▶ Task requirements
Your reply should reproduce the data below without a single alteration, apart from dropping the images.

▶ Information
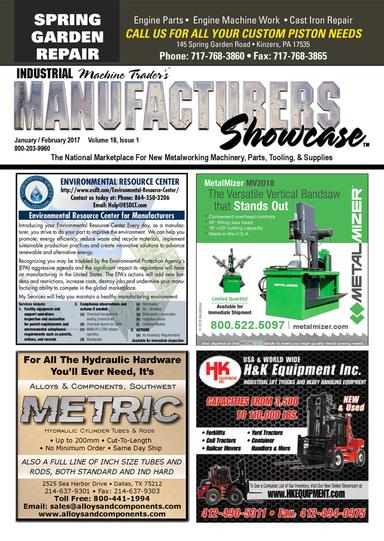 Manufacturers Showcase - January/February 2017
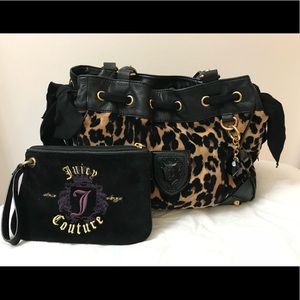 Authentic Juicy Couture Tote with Wristlet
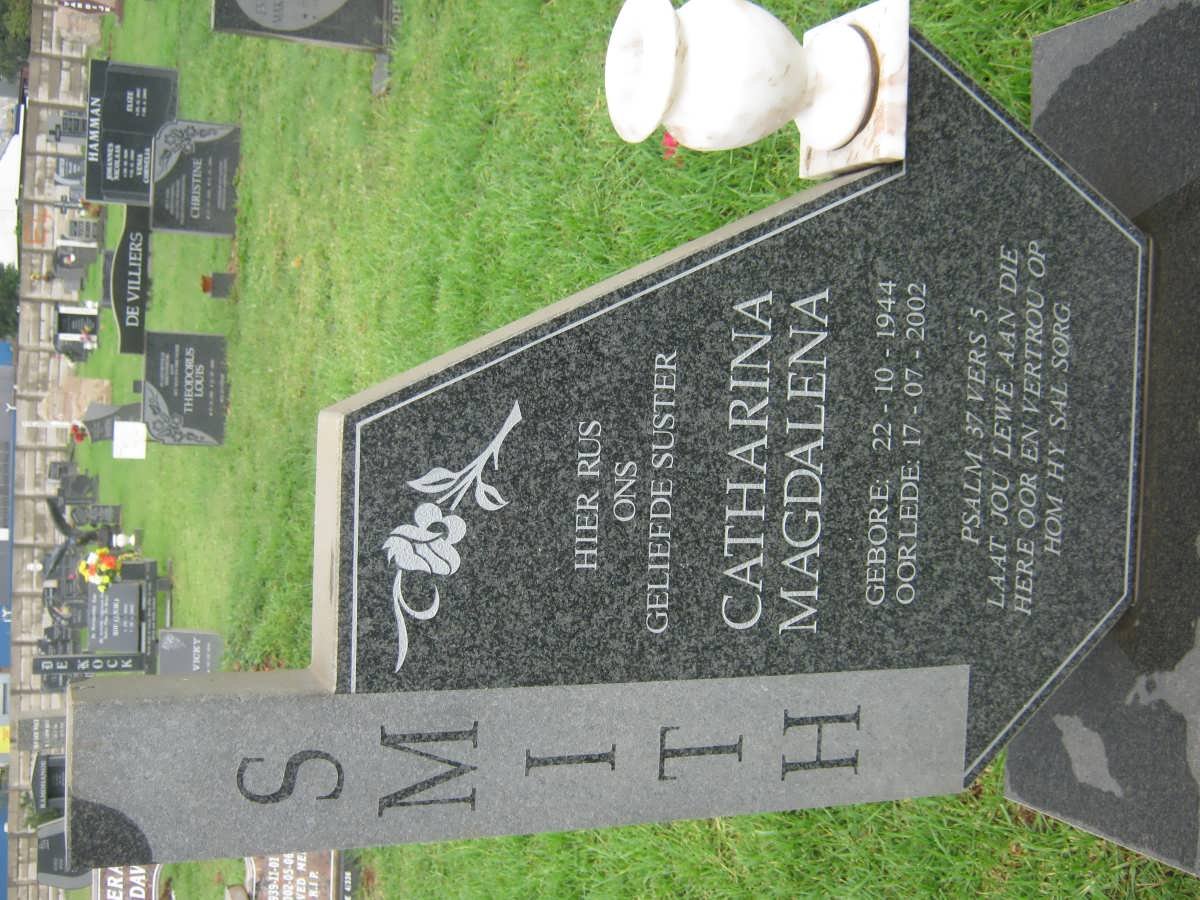 SMITH Catharina Magdalena 1944-2002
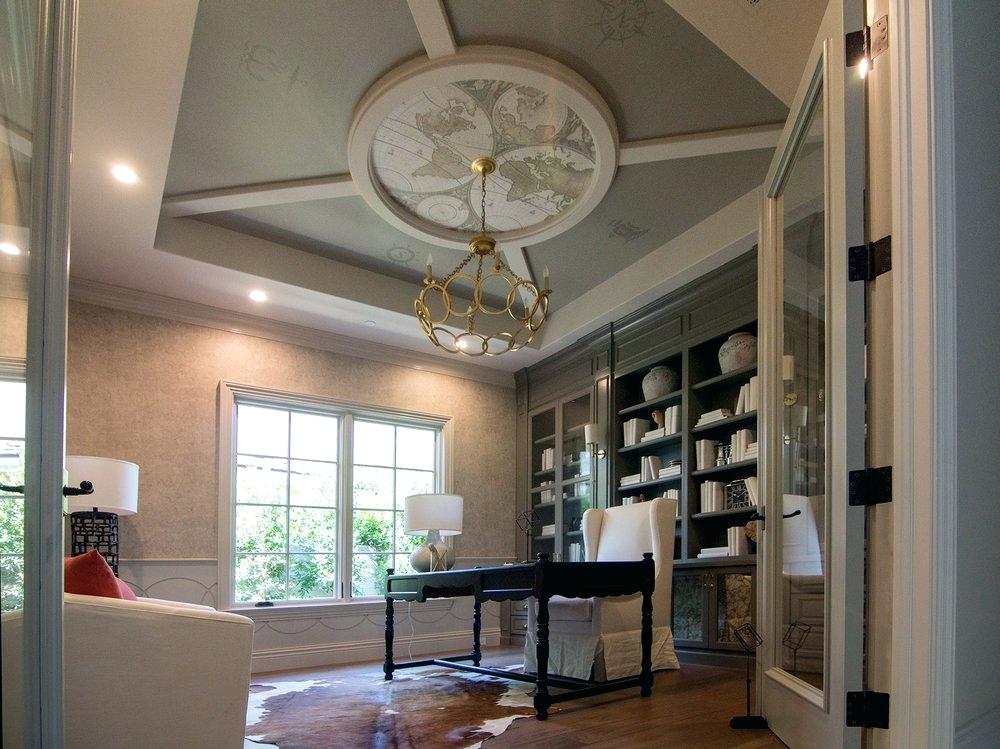 Ceiling Murals Library Old World Map Ceiling Ceiling - Interior Design - HD Wallpaper 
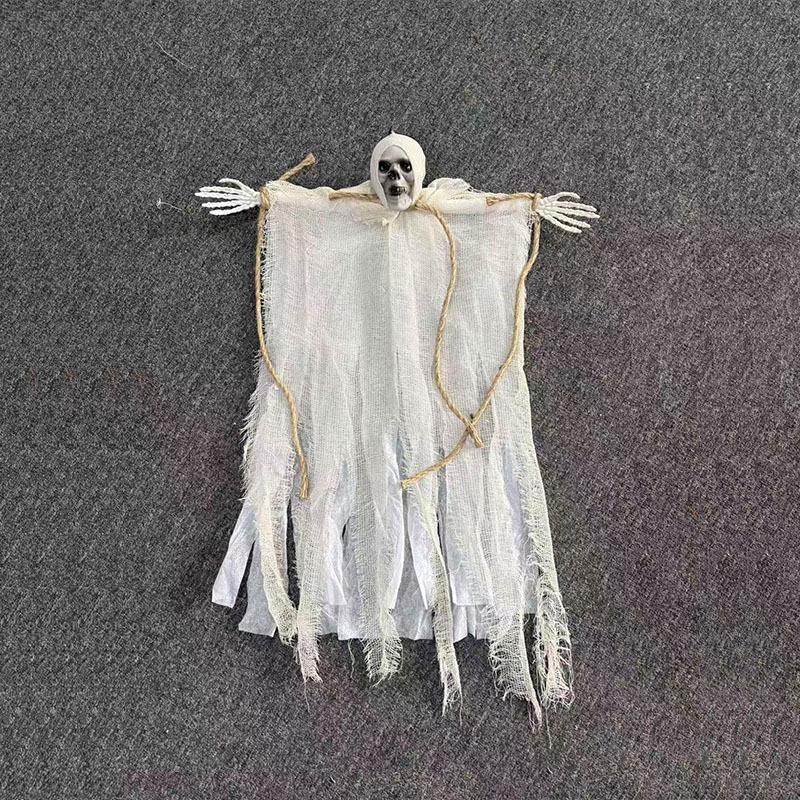 Halloween Hanging Grim Reaper Skeleton Ghost - Haunted House & Bar Decor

▶ Solution
 Manufacturers Showcase - January/February 2017
 Authentic Juicy Couture Tote with Wristlet
 SMITH Catharina Magdalena 1944-2002
 Ceiling Murals Library Old World Map Ceiling Ceiling - Interior Design - HD Wallpaper 
 Halloween Hanging Grim Reaper Skeleton Ghost - Haunted House & Bar Decor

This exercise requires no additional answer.